The abuse Zimbardo describes at Stanford does resemble the abuse at Abu Ghraib. But the differences are more significant. Here's what happened at Abu Ghraib, according to the now-famous Taguba report:
Punching, slapping, and kicking detainees; jumping on their naked feet … positioning a naked detainee on a MRE Box, with a sandbag on his head, and attaching wires to his fingers, toes, and penis to simulate electric torture … having sex with a female detainee … Using military working dogs (without muzzles) to intimidate and frighten detainees, and in at least one case biting and severely injuring a detainee … Breaking chemical lights and pouring the phosphoric liquid on detainees … Beating detainees with a broom handle and a chair … Sodomizing a detainee with a chemical light and perhaps a broom stick.
Why did guards at Abu Ghraib, unlike guards at Stanford, go beyond humiliation to violence, severe injury, and rape? To answer that question, you have to look not at the factors Zimbardo studied, but at the factors he left out. For example:
1. Personality. The Stanford experimenters picked as guards and inmates "the 24 subjects who were judged to be most stable (physically and mentally), most mature, and least involved in anti-social behavior." This group was so nonviolent that according to Zimbardo, "Virtually all had indicated a preference for being a prisoner because they could not imagine going to college and ending up as a prison guard. On the other hand, they could imagine being imprisoned for a driving violation or some act of civil disobedience." The soldiers implicated at Abu Ghraib, however, were led by two veteran prison guards, one of whom had received three court orders to stay away from his ex-wife, who said he had thrown her against a wall and had threatened her with guns.

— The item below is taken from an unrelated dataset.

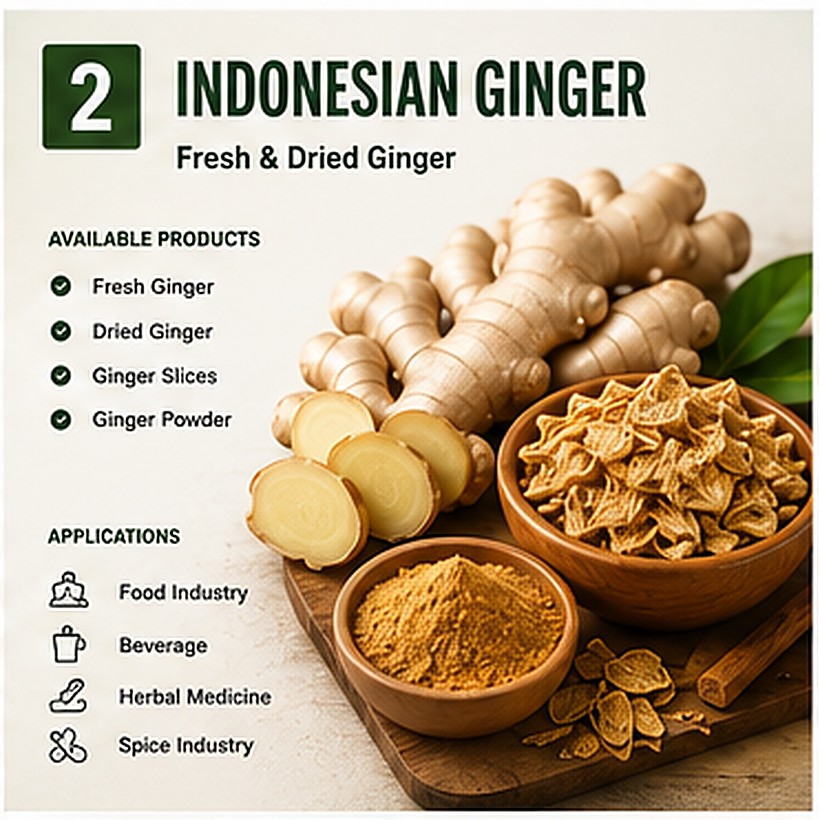 Ginger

2. Race. At Stanford, with the exception of one Asian-American, the prisoners, like the guards, were white. At Abu Ghraib, the guards were Americans, but the prisoners were Iraqis. The guards didn't understand Iraq, hated being there, and were under constant assault from Iraqi mortars outside the prison walls. To them, the inmates seemed a foreign enemy.
The Abu Ghraib guards clearly wanted less interaction with their prisoners than the Stanford guards wanted with theirs. At Stanford, roll calls initially lasted 10 minutes but grew to hours as guards enjoyed toying with inmates. At Abu Ghraib, roll calls that were supposed to be conducted twice a day were instead conducted twice a week. At Stanford, according to Zimbardo, "Most of the guards seemed to be distressed by the decision to stop the experiment. ... None of the guards ever failed to come to work on time for their shift, and indeed, on several occasions guards remained on duty voluntarily and uncomplaining for extra hours—without additional pay." None of this was true at Abu Ghraib.
3. Supervisors' input. On the second day of the Stanford experiment, prisoners began pleading for release. Over the next five days of the six-day study, researchers released five of the 10 "prisoners." If you desperately wanted out, you got out. According to Zimbardo, the experimenters allowed prisoners to be visited by "their own parents and friends on visiting nights; a Catholic priest; a public defender; many professional psychologists; and graduate students, secretaries, and staff of the psychology department," many of whom "took part in parole board hearings or spoke to participants and looked at them directly." When guards pushed the limits—for example, handcuffing and blindfolding a prisoner in the counseling office (yes, the inmates got regular counseling—another amenity neglected at Abu Ghraib)—the experimenters ordered them to stop.
At Abu Ghraib, none of this was true. The key issue in dispute is which supervisor—over-aggressive military intelligence officers; Lt. Gen. Ricardo Sanchez, the allegedly callous commander of U.S. forces in Iraq; Brig. Gen. Janis Karpinski, the military police boss who allegedly ignored reports of abuse, or others—contributed most to the scandal.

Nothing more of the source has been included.